It’s encouraging that I’ve seen recent usage of the term “cybertools.” I don’t know, unfortunately, who to credit for this coinage, but it has appeared in articles on National Security Agency hacking tools,[11] government technology for cybersecurity, [12] and use of AI and the Internet for military offensive efforts[13]. Considering technologies as “tools,” that can be wielded by anyone, military forces included, produces a better mental picture, one more likely to prompt understanding of the appropriate urgency.

A “place” connotes something with boundaries, and possibly with some organizing principles or shared expectations of behavior. “Tools,” in contrast, prompts an understanding that there are no inherent limits on their behavior other than those imposed by their designers and their users.[14]

The issues concern not just “cyberwarfare,” but also “information warfare” – a battle for dominance, or at least security and stability, among ideas and information. I’m grateful for a Lawfare article sent by a friend that described a “Jesuitical” debate within the Air Force in the 1990’s as to whether networked information technologies required a “cyber” strategy or an “information” strategy.[15] That is, should the military focus on the security of private information systems or the security of public information systems?

Hint: it's both, but the Air Force (and others) were slow to catch on to the latter strategy. Enemies, of course, also saw the potential for use of public information systems. And as that article notes, that is the topic of a recent book by Peter Singer and Emerson Brooking, who observed that “social media is being mobilized as an adjunct to kinetic combat.”[16]

To be sure, the article also notes military and political efforts aimed at disinformation and disruption of public opinion are not new. During the Revolutionary War, Benjamin Franklin created “fake news” intended to undermine British public support for colonial governance.[17] “Disinformation” campaigns are features of Cold War espionage, as well as fictitious treatments of espionage efforts.[18]

In the political context, the election between Thomas Jefferson and John Adams was peppered with scandalous and often false rumor-mongering in an attempt to win a battle of information and ideas.[19] More recently, political operative Dick Tuck’s stunts – fake mimeos claiming candidate Barry Goldwater was upset at fluoride in his water – were a fairly benign form of political misinformation campaign, but Tuck’s pushing of the envelope did play a role in encouraging others to take up more aggressive misinformation endeavors.[20]

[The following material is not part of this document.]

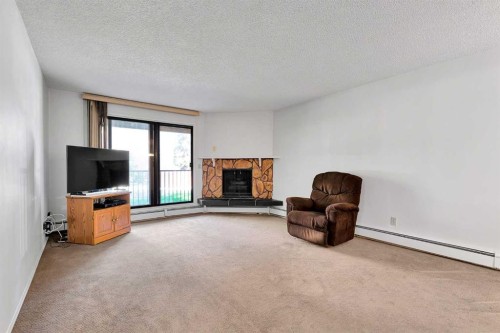 2106-4001B 49 Street Nw, Calgary, AB - Indoor With Fireplace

These political efforts, like the Russian activity in the 2016 election, show the challenges of asymmetry in the information warfare area. It takes only one person to publish a false narrative that becomes widely spread and changes the collective opinion for the worse. As Churchill famously said, "a lie gets halfway around the world before the truth has a chance to get its pants on.

The nature of information warfare also illuminates what may be an under-appreciated fact about intelligence work, which is that much of it presents as ordinary and benign activity. Attending a business conference, touring a factory, supporting a political cause, all of which are valuable (and ordinarily 1st Amendment protected) activities, can be reconnaissance and/or influence opportunities in an information war. The sentencing memo in the recent case of Russian operative Maria Butina illustrates plainly why ordinary activity can be of counter-intelligence concern.21]

One practical conclusion from this analysis is security of our news and media information systems matters as much as security of personal and commercial information systems. Information warfare shows harms can arise even when there is no unauthorized access, when the tools are used as intended, and when there’s no compromise of user privacy settings. In both cases, the threats are asymmetric, the tools readily available, useful for many productive and positive purposes, and threats are easily disguised as benign, whether in the form of a business conference used for economic espionage, or a product order form email used to inject malware.

Fortunately, there are variety of interesting proposals to respond to information warfare. Social media platforms have experimented with novel ways of ‘fact checking,’ – putting information in context as reputable journalists attempt to do.[22] Cass Sunstein proposed application of libel law concepts.[23] Professor Philip Howard is, among others, doing important work to understand the role of automated information tools (e.g., “bots”) in information campaigns.[24]

These are important topics of conversation because there are few easy answers. Networked information tools are still important for those who seek to advance human rights, freedom and democracy, notwithstanding their use against such causes,[25] and because even well-meaning responses to information warfare can threaten the very rights and democratic values they seek to protect.[26]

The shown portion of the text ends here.